Saw a couple things on Twitter this morning that got me fairly excited. First, the folks at Hoodie published a blog entry outlining just how important it is to design for “offline first.” In other words, assuming that someone has a persistent, robust data connection is an artifact of the desktop-focused web, and we need to refine it.
Now, I haven’t used the Hoodie service. But over the past year, I’ve spent a stupid amount of time thinking about that idea: that “offline” should be the default case we design for, and treat “online” as the enhancement. So yeah, I got a little excited when I saw Offline First’s mission statement:
We live in a disconnected & battery powered world, but our technology and best practices are a leftover from the always connected & steadily powered past.
Emphasis mine, but this is good. This is very good. As Aanand Prasad beautifully states it:
Mobile Internet connectivity is rubbish. I’m a Vodafone user living in London, and seeing the 3G icon in my iPhone’s status bar is as commonplace and pleasurable an event as finding somewhere you can sit down to drink on a Friday. This has profound implications for the assumptions you can make when designing the communication logic of your application, if you value the mobile user experience.
I might go so far as to say “offline” is almost an unhelpfully broad term—just as broad and inexact as “mobile” is, when you think about it. As Aanand said, an “offline” user really means someone whose connection is far from persistent and, well, unreliable. And it covers far, far more folks than we might think. According to some estimates, an overwhelming majority of the world’s mobile-connected users are on sub-3G networks—no 4G, no LTE. (That is, of course, another reason we need to ensure our work is as light as possible for everyone.)

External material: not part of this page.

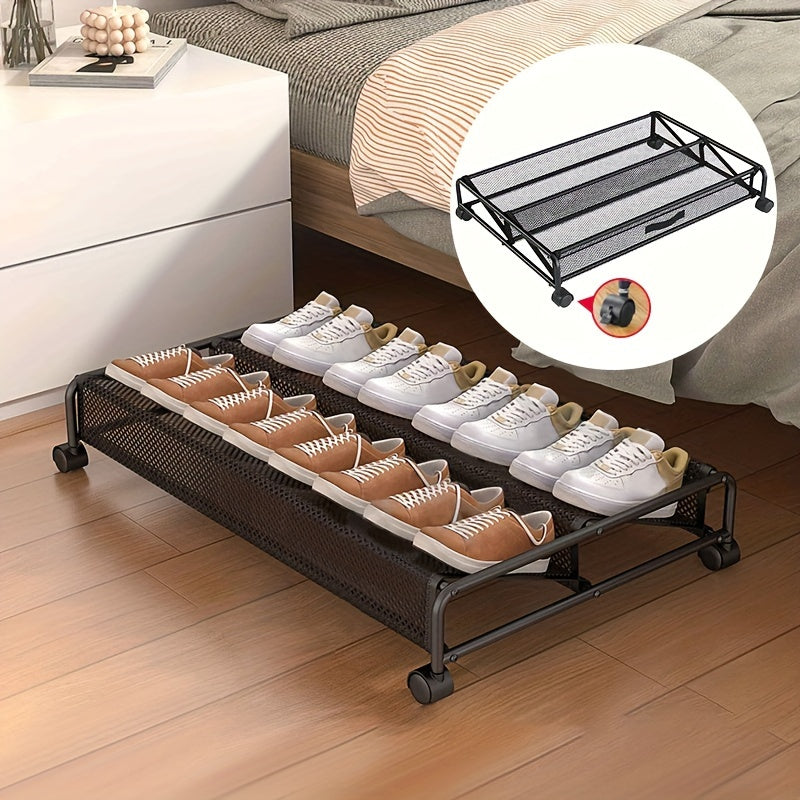 Keep Your Shoes Neat and Tidy with our Space-Saving Under-Bed Shoe Rack featuring 360° Swivel Wheels - Sturdy Metal Organizer for Effortless Shoe Storage and Organization, Convenient Sliding Design Perfect for Bedroom, Dorm, and Home Use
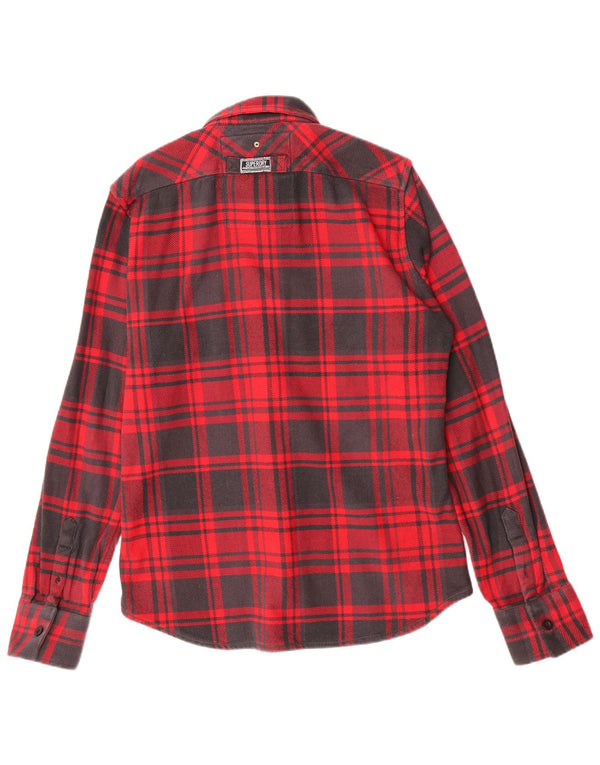 Camicia da uomo in flanella da boscaiolo Superdry XL in cotone a quadri rossi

But the other thing I liked about both of these articles—and then I’ll let you go, I swear—is that this isn’t just a technical challenge. In fact, the biggest problems might be design- and UX-related. How do you properly communicate to a user that she’s lost a connection? Or do you need to? What parts of your interface should be available in both states? Given just how much can potentially go wrong between someone requesting a page and downloading it to their client, designing and planning for those points of failure is really, really exciting to me.
(Update: As with most things, it would seem Cennydd Bowles got there ages before I did.)